Utilizing New York State’s Zombie Law, the three cities today filed a total of 18 lawsuits, covering 18 properties with 502 NYS building code violations. With this coordinated action, all three Cities are sending a strong message to mortgage servicers across the State that they must properly maintain properties upon which they are foreclosing, and bring foreclosure actions to a timely completion. Ocwen Financial Corporation and PHH Mortgage are among the Capital Region’s largest mortgage servicers of Zombie properties.
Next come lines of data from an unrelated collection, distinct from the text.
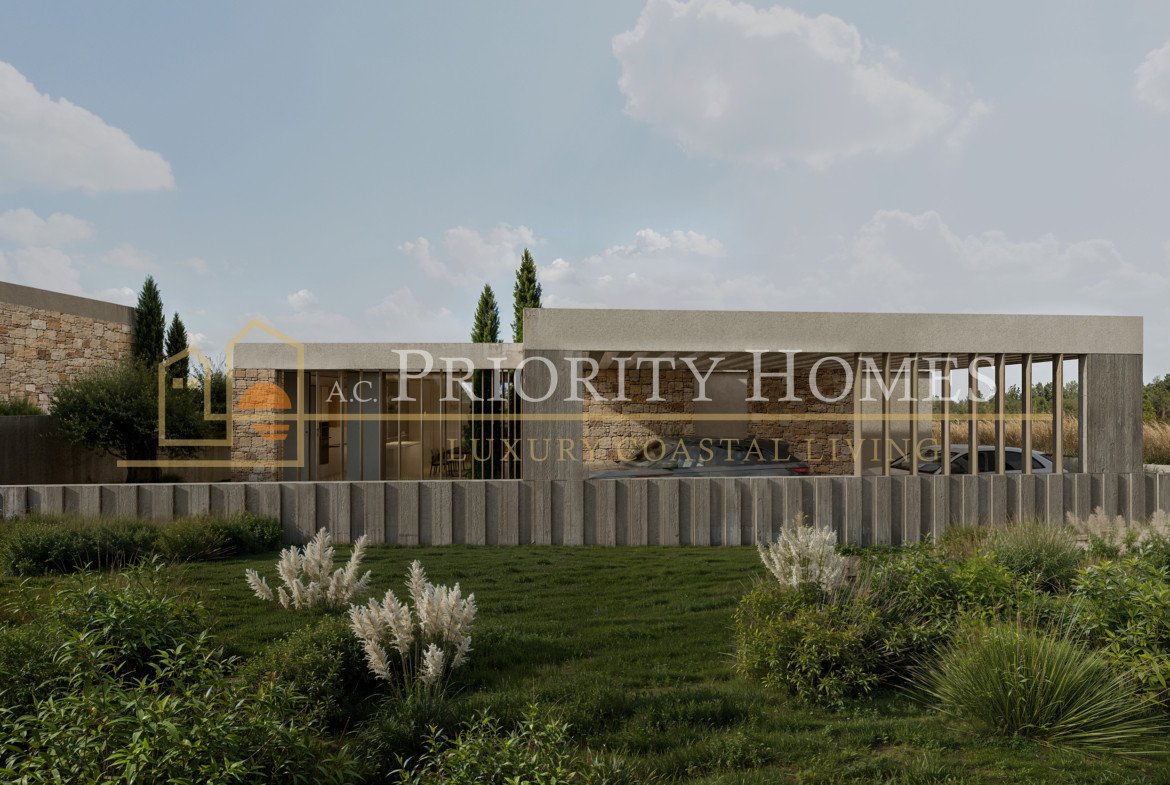 Exclusive Four-Bedroom Luxury Villas in Sea Caves, Paphos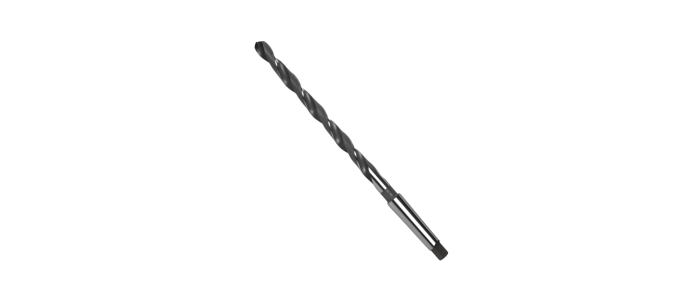 GY-HSR HSS Tapper Shank Extra Long As per IS: 7822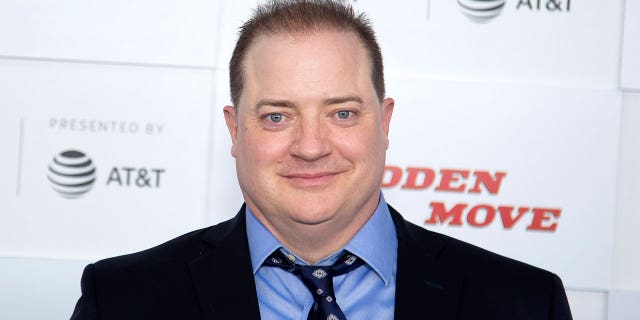 Brendan Fraser will be starring in the movie "The Whale."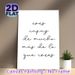 Spanish Inspirational Quote Painting Poster, Minimalist Elegant Cursive Script Poster, Motivational Message To Uplift Mood, Suitable For Home Office_maomaolike.com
A Zombie Property is a vacant property facing mortgage foreclosure where the bank or lender has not yet finished the foreclosure action. These properties are left in legal limbo, with the owner led to believe by the financial institution that the owner has lost the property and the financial institution refusing to undertake responsibility for maintaining it. Zombie properties will fall into disrepair, forcing municipalities like Albany, Schenectady, and Troy to undertake expensive remediation and enforcement efforts to address the disrepair.
New York State’s Zombie Property Law imposes a duty to inspect, secure and maintain vacant and abandoned properties on mortgagees or their servicing agents. The Zombie Law also gives municipalities the ability to sue mortgage servicers for $500 per code violation per day the code violation exists. Under this coordinated effort, the lawsuits brought forth by Albany, Schenectady, & Troy could award upwards of $251,000 per day the violations remain to the three cities combined. Today’s filings are an unprecedented action by Capital Region municipalities in enforcing the New York State Zombie Law.
Mayor Sheehan said, “My administration has worked tirelessly in the fight against blight and this is yet another example of our commitment to revitalizing our communities. We are thrilled to have worked hand-in-hand with our partners in Schenectady & Troy to continue this transformative work. Thank you to New York State Attorney General Letitia James, who provided us with the necessary resources in the Zombies 2.0 program and the Cities RISE grant to pursue such an unprecedented action, and our Cities RISE team for their commitment to reducing the number of zombie properties in the City of Albany.”
Mayor Madden said, “Zombie properties negatively affect the quality of life and property values in our neighborhoods. While enforcement is time and resource intensive, Troy’s Zombie prosecution efforts have successfully forced demolitions, property sales, code compliance, and significant financial settlements. This unified initiative will improve the processes and property maintenance actions of Financial Institutions, and we are pleased to work with leaders in Albany and Schenectady on this important enforcement initiative.”
Mayor McCarthy said, “Vacant and distressed properties continue to harm quality of life and property values in our neighborhoods, and we must use every tool at our disposal to hold negligent financial institutions accountable. We have made great strides dealing with vacant properties across the city and we’ll continue to use the resources available to enforce the regulations and strengthen our communities. This enforcement action puts mortgage servicers and banks on notice that if vacant properties aren’t maintained they will be held accountable. I am proud to stand with my fellow mayors against this organization that perpetuates harm not just in Schenectady but across the Capital Region.”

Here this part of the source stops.